Now that Borders has filed for Chapter 11 bankruptcy filing, its customers could stand to lose millions of dollars in the value of unredeemed Borders gift cards if the cash-strapped retailer eventually decides to no longer accept them. Here are some things you’ll want to keep in mind if you hold a Borders gift card or plan on purchasing on in the near future.
The Ann Arbor, Mich.-based retailer officially sought bankruptcy protection with the New York bankruptcy court on Wednesday despite refinancing millions of dollars of debt in late January—all under the condition of drastically restructuring its business to improve profitability and cash flow. At that time, the bookstore’s business strategy included expanding its Borders Rewards Plus program, aggressively growing its Borders.com eBook marketshare, and enhancing its retail mix to compete with what it referred to as “the digital effect”. Borders will now close more than 30% of its stores within the next several weeks through the bankruptcy process.
While Borders did indicate on its official reorganization website that it would continue to fully honor its gift cards and rewards program, you’ll still want to continue following the company’s bankruptcy proceeding in case this policy changes.
Click here for more information regarding the company’s bankruptcy filing.
Gift Cards: The Gift That Doesn’t Give
Customers that own gift cards purchased from companies that eventually seek bankruptcy protection are often unable to redeem any of the full value of their cards once a petition has been filed. When Sharper Image filed for Chapter 11 on Feb. 19, 2008 it temporarily suspended acceptance of its gift cards, then later directed its customers to do one of two things.
- Their first option included filing a proof of their claims with the bankruptcy court through a court-approved claims agent hired by the company to deal with the store’s claims—all which had to have been done by August of that year in order to qualify. Yet, doing so didn’t necessarily entitle holders of such claims to payment, since their gift card claims are typically classified as unsecured claims, which are close to last on the payment chain and would have more than likely been wiped out through the store’s reorganization process.
- Cardholders also had the option of receiving a one-time 25% discount on their purchases with rival retailer Brookstone in exchange for relinquishing their Sharper Image cards.
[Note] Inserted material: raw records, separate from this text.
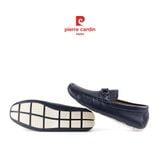 [MẪU ĐỘC QUYỀN] Giày Lười Hàng Hiệu Pierre Cardin - PCMFWLG 519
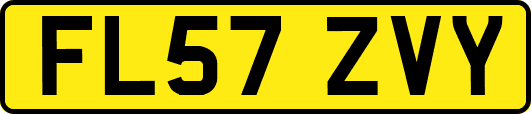 FL57ZVY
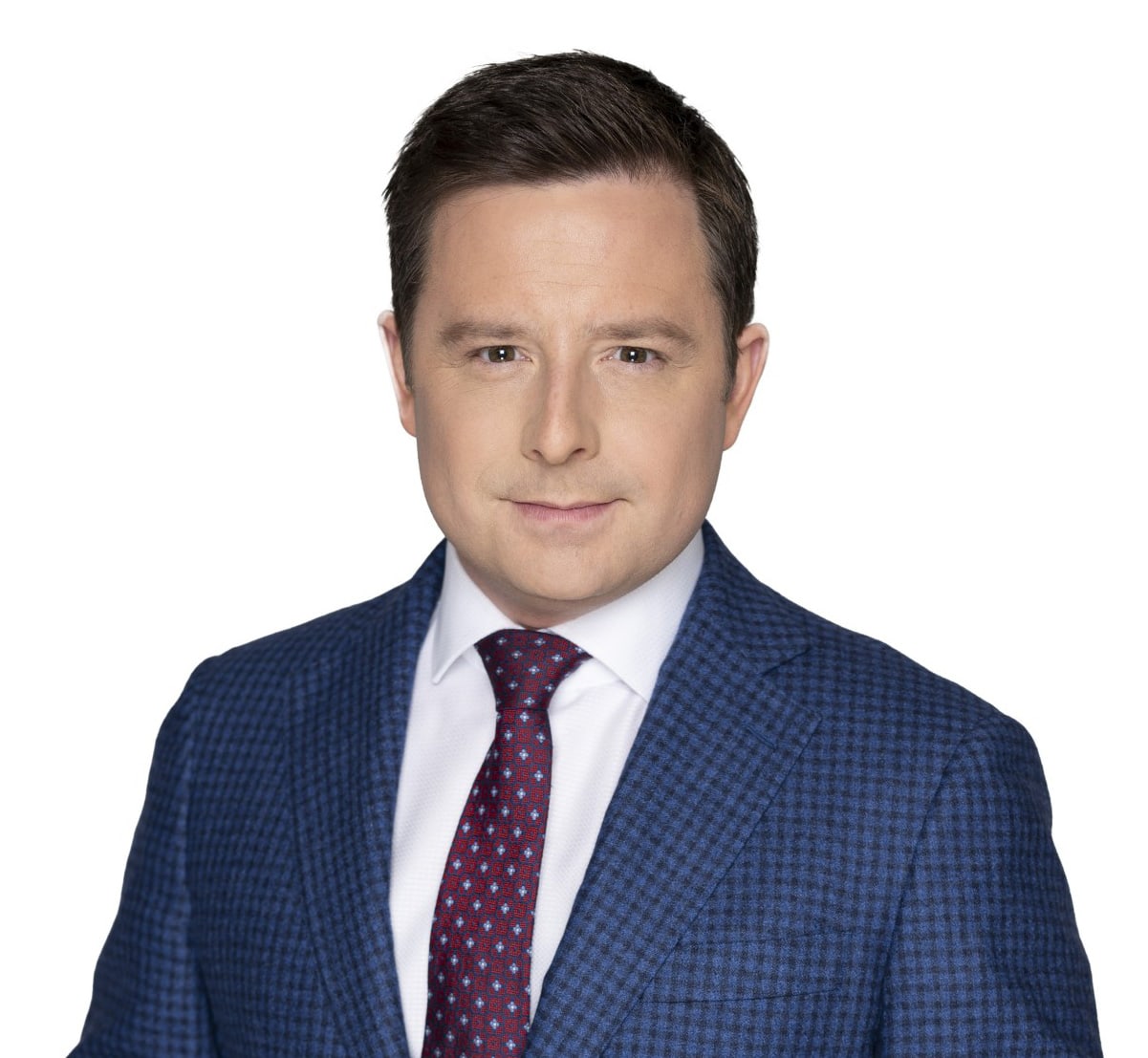 Pierre-Olivier Zappa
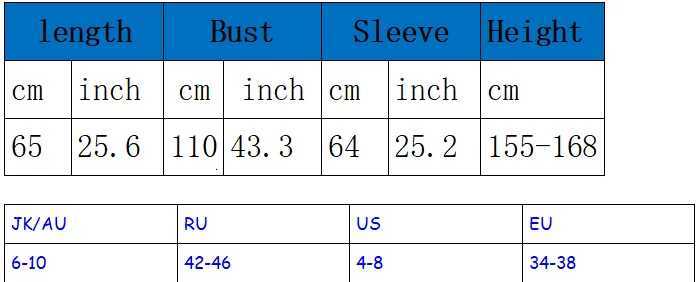 Womens Chic Open Cardigan Single Zipper Loose Knitted for Autumn Winter Korean Style Hot Sale Turndown Collar Simple SolidT251028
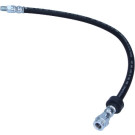 Bremsschlauch | 52-0370
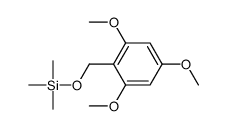 61040-74-2 structure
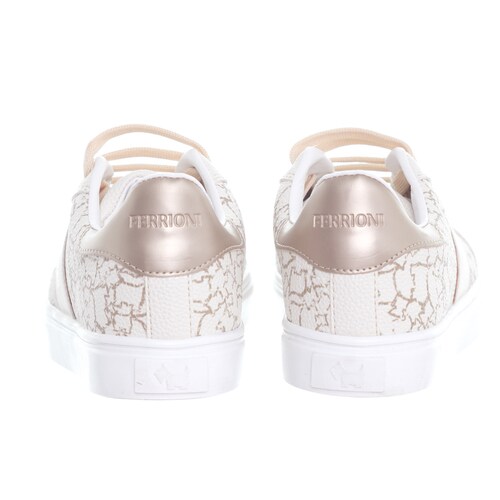 Tenis para Mujer Ferrioni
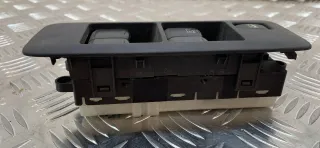 25401BB65B Блок управления стеклоподъемниками Nissan Qashqai 1  Арт 23467, вид 2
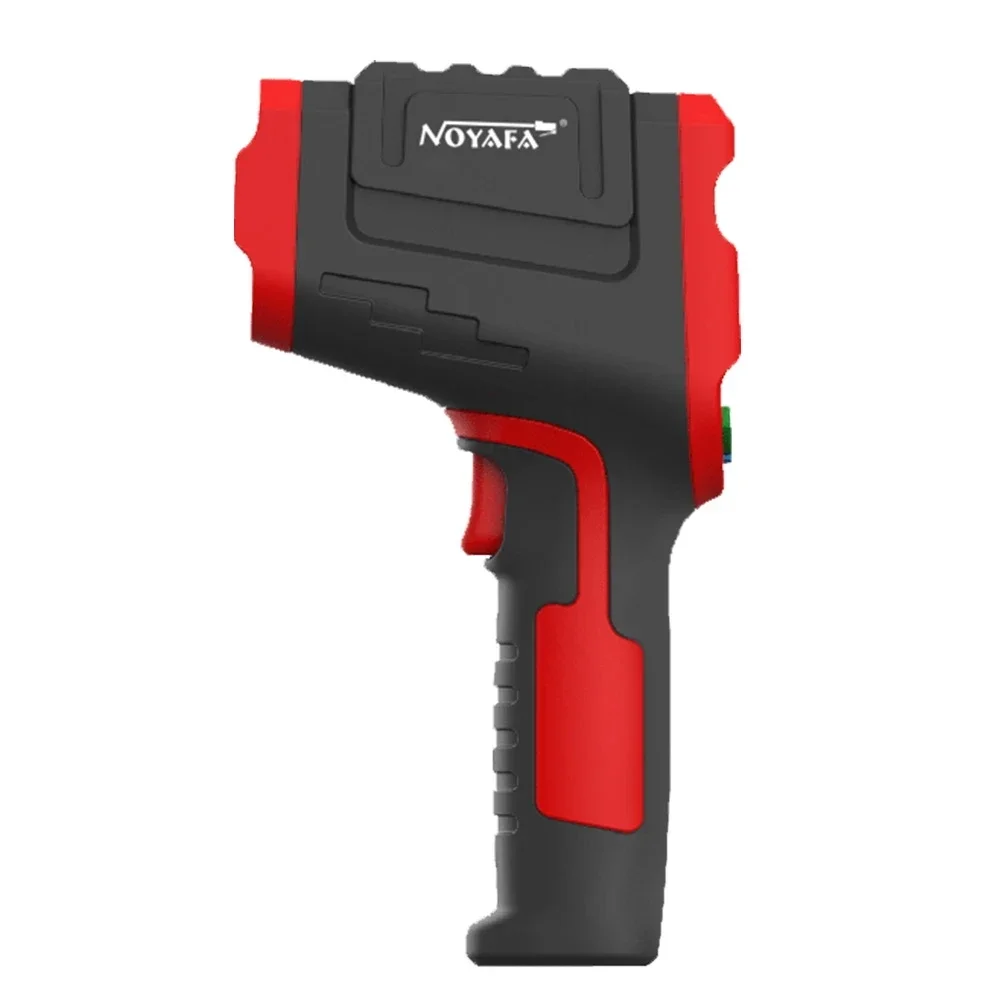 Nf 521 Thermal Imaging Camera - NOYAFA NF-521 Termovisor industrial básico Preços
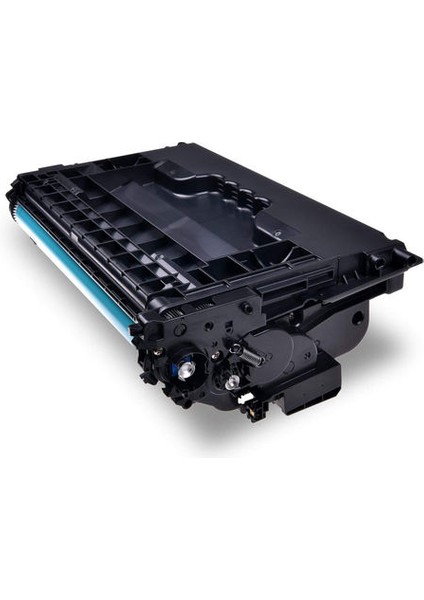 Hp Laserjet Enterprise M609DN Muadil Toner,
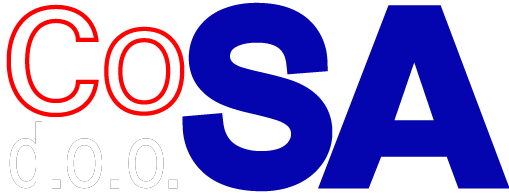 COSA
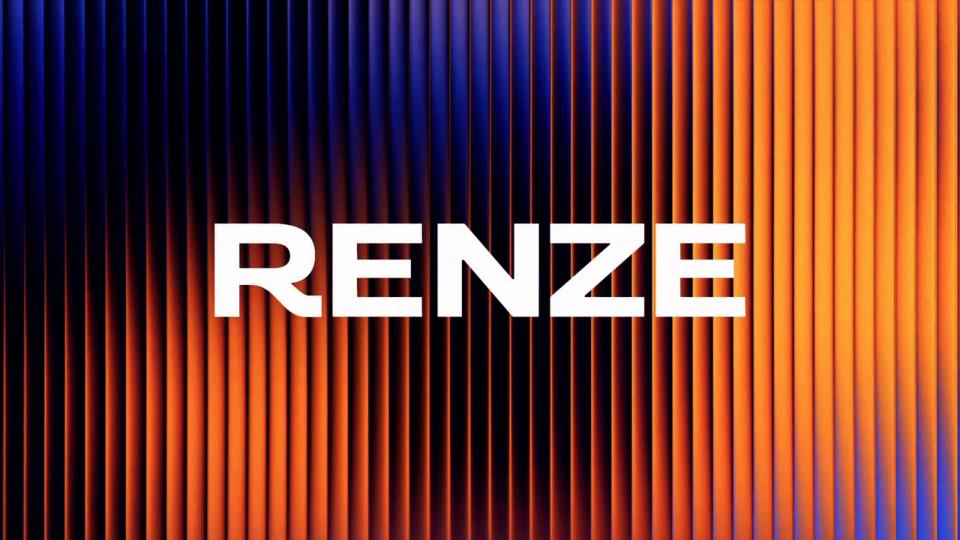 Renze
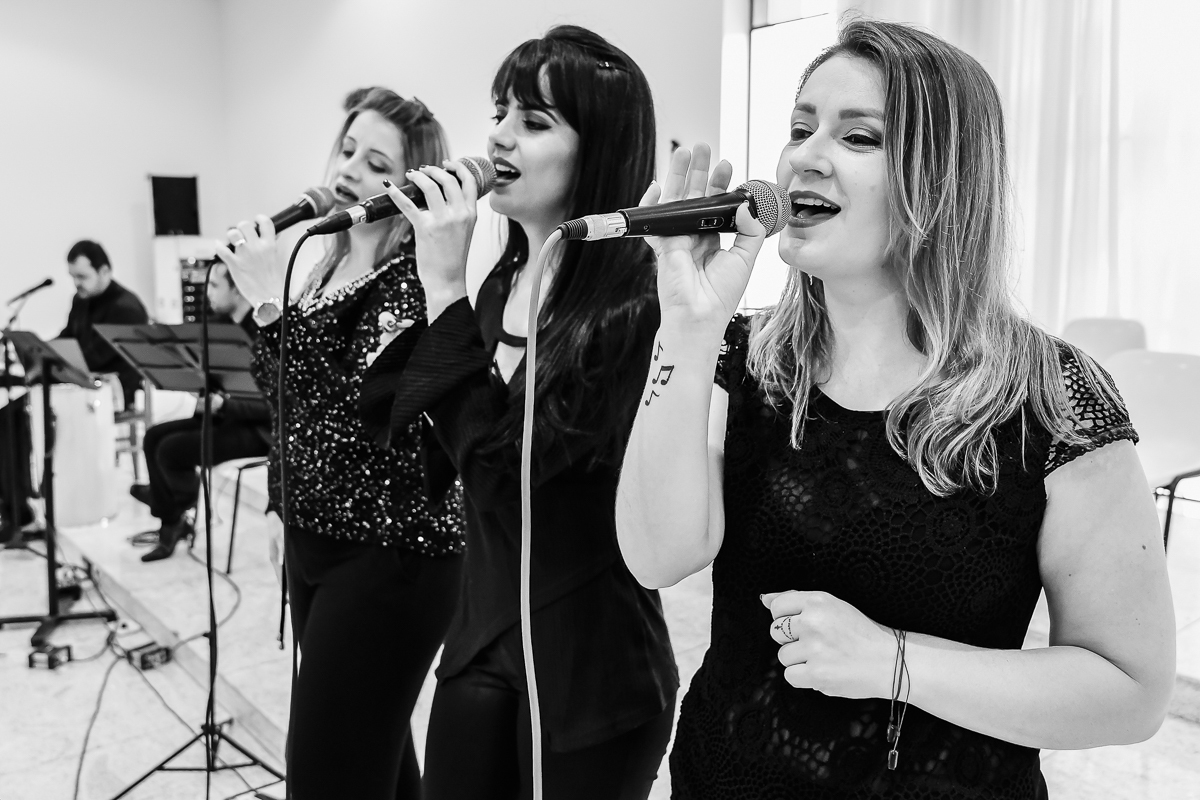 Casamento Amanda e Antônio , Igreja do Rosário ,Patos de Minas-MG, Love, Wedding Day, fotógrafo Wellington Guimarães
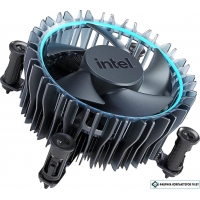 Кулер для процессора Intel Laminar RM1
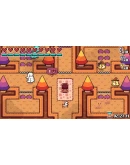 Milo's Quest: Console Edition Xbox OneXS активация Milo's Quest: Console Edition Xbox OneXS активация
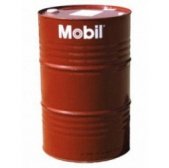 Mobil DTE 800 SERIES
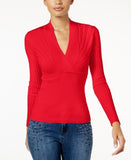 Department Store Women's Name Brand Clothing Lots for Resellers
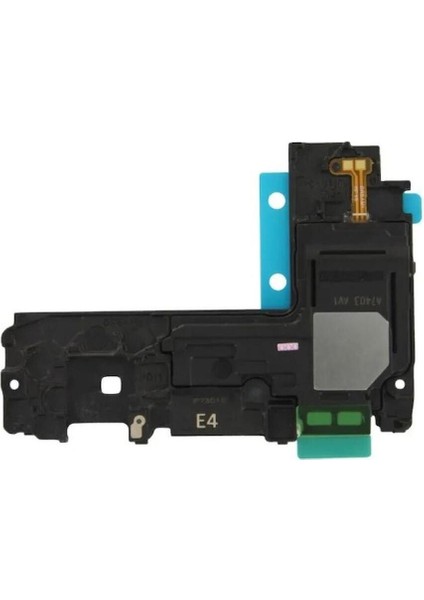 Samsung S8 Plus G955 Uyumlu Buzzer / Hoparlör
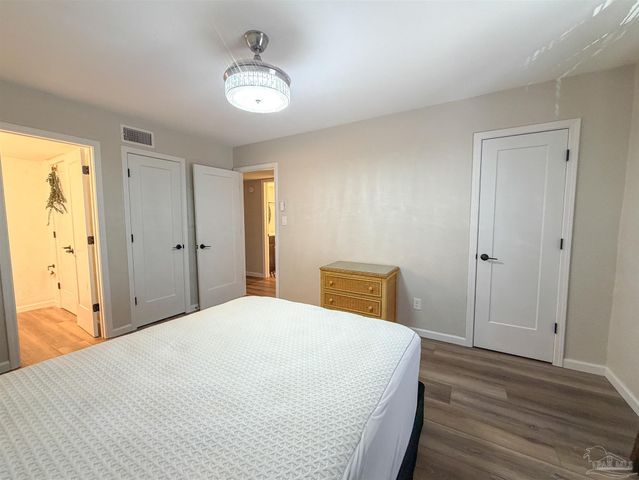 600 Scenic Hwy 218, Pensacola, FL 32503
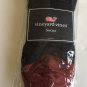 Vineyard Vines Menâs Whale Rugby Stripe Camp Socks One Sz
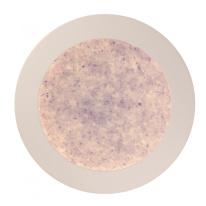 Встраиваемый светильник DeMarkt 702012201 в интернет магазине Гет Лайт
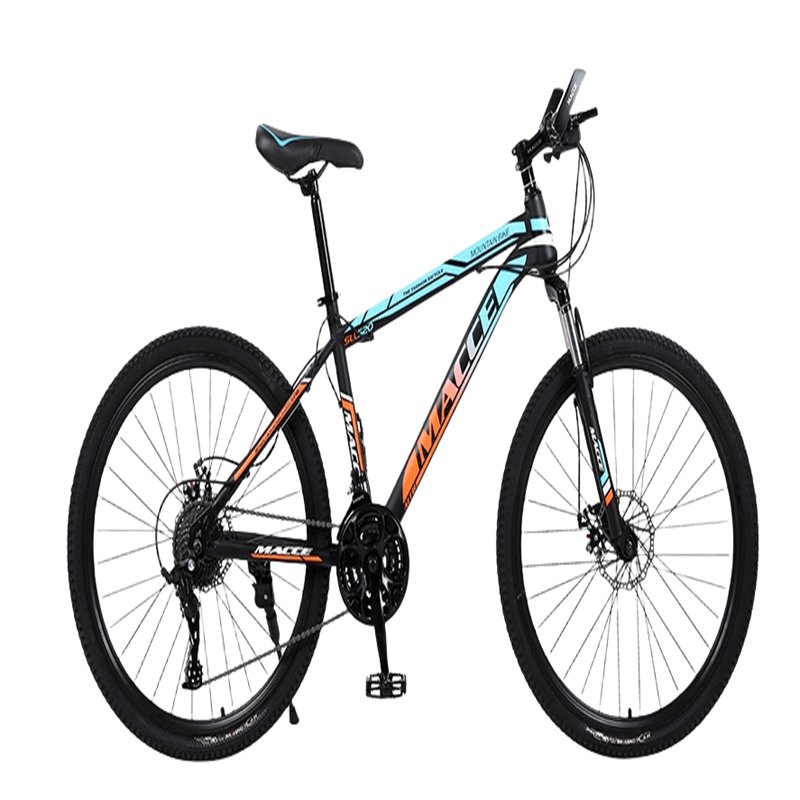 Wholesale Factory price Customization mountain bike adult mtb bike for down hill mountain cycle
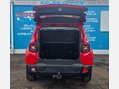 Jeep Renegade 1.6 MultiJetII Sport SUV 5dr Diesel Manual Euro 5 (s/s) (120 ps) 6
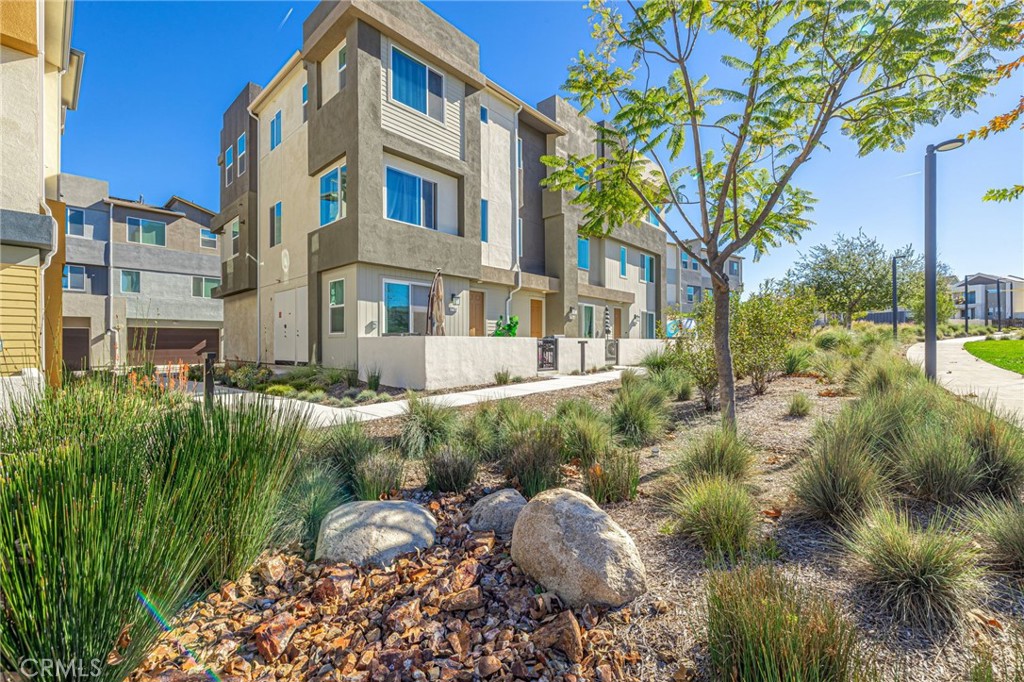 27555 Sanctuary Court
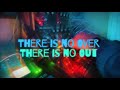 There is no over, There is no out (Moog Sound Studio | Synthstrom Deluge | 1010 Lemondrop)
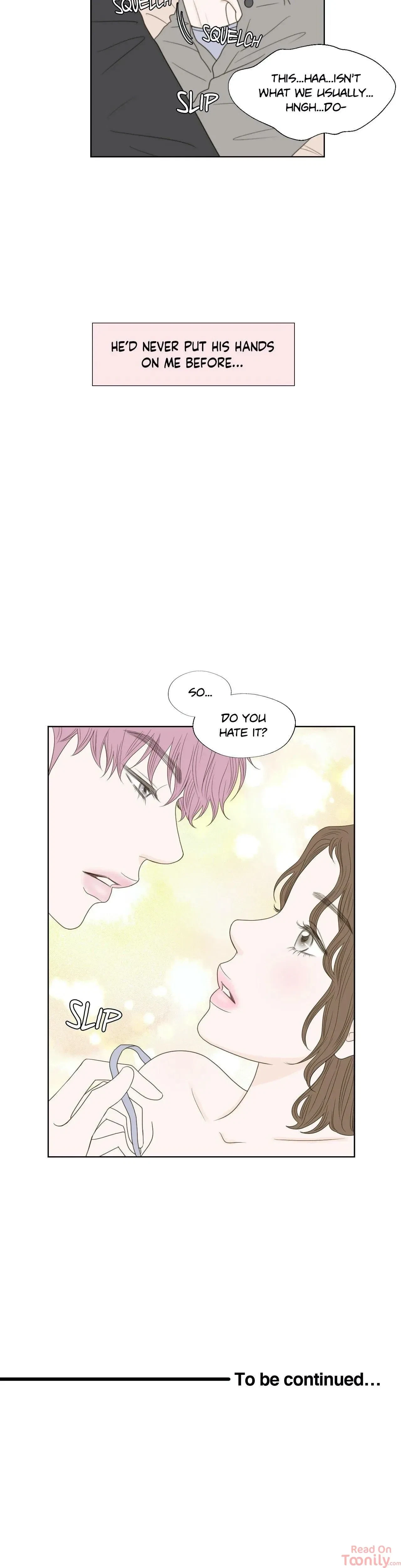 Chapter 55, page 18
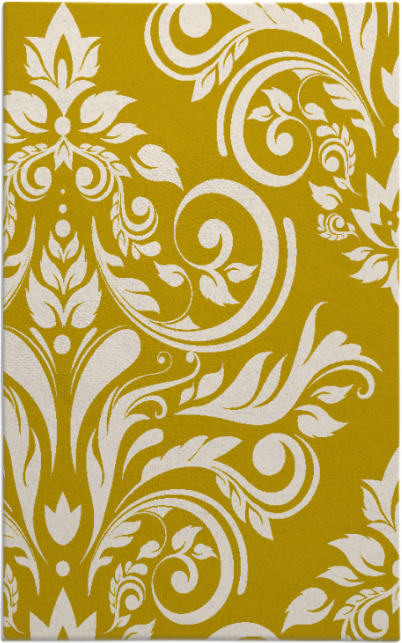 duxford rug - item 245714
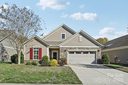 1293 Restoration Drive sold home in Waxhaw, SC
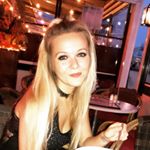 Profile Picture of Ｌｉｓａ Ｒａｐｈａëｌｌａ Ｂｏｎｃｅ (@raphaella.platformofficx) on Instagram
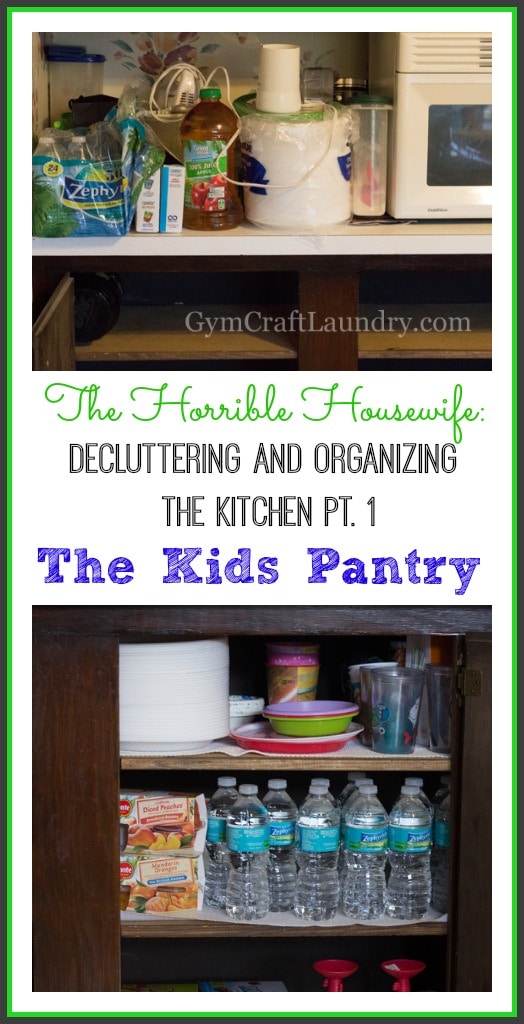 https://gymcraftlaundry.com/wp-content/uploads/2014/11/Kitchen-Organization-Kids-Pantry.jpg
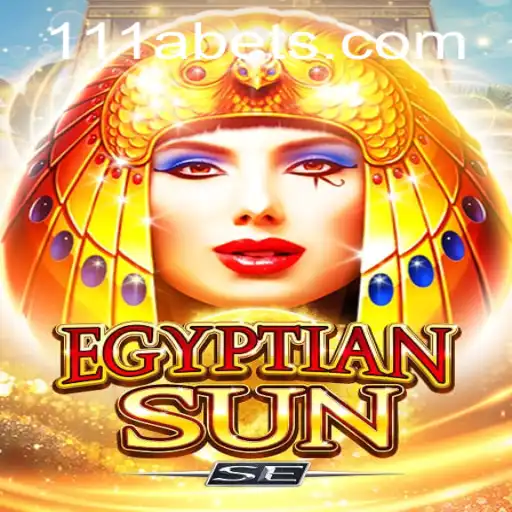 Experience the Thrills of EgyptianSunSE: An Immersive Gameplay Adventure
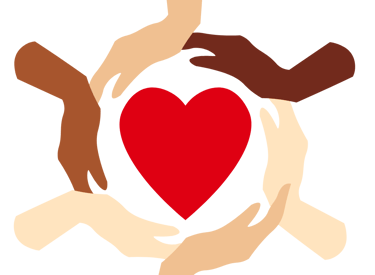 Caring Star Foundation is highly reputable and cares about the details required to execute..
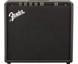 FENDER MUSTANG LT25 Гітарний комбопідсилювач FE-0417 фото 1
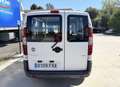 Fiat Dobló Fiat Combi Dynamic 1.3 Multijet Blanco - thumbnail 4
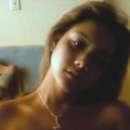 Hard Cocked Trans Woman Seeks Tight Asses For Pounding Action.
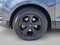 2019 Ford Edge SE FWD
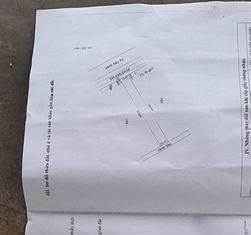 Bán đất làm kho Tân PhướcKCN LONG GIANG Tiền Giang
All told, there was a combined $20 million loss in gift cards through the bankruptcy filing, according to InsWeb , an online insurance marketplace.
Customers holding gift cards for Circuit City, which liquidated in Chapter 11 in 2008—fared better in comparison, and were allowed to redeem the full value of their gift cards during the company’s liquidation sales.
How to Avoid Losing Money on Gift Cards: Spend Your Gift Cards
Your first line of defense to ensure you don’t lose unnecessary money is simple: make sure to redeem the full value of your gift card before the company takes the plunge into Chapter 11 bankruptcy. That way, you can avoid the claims process and recover the full value of your cards before any legal red tape binds the company from making good on your purchase. In some cases, purchasing a gift card from sites like GiftCardRescue.com is the best bet, since the site offers customers a reimbursement of any amount lost as a result of a vendor seeking bankruptcy protection. Know your options and shop wisely, and you can avoid losing hard earned money if your merchant of choice files for bankruptcy.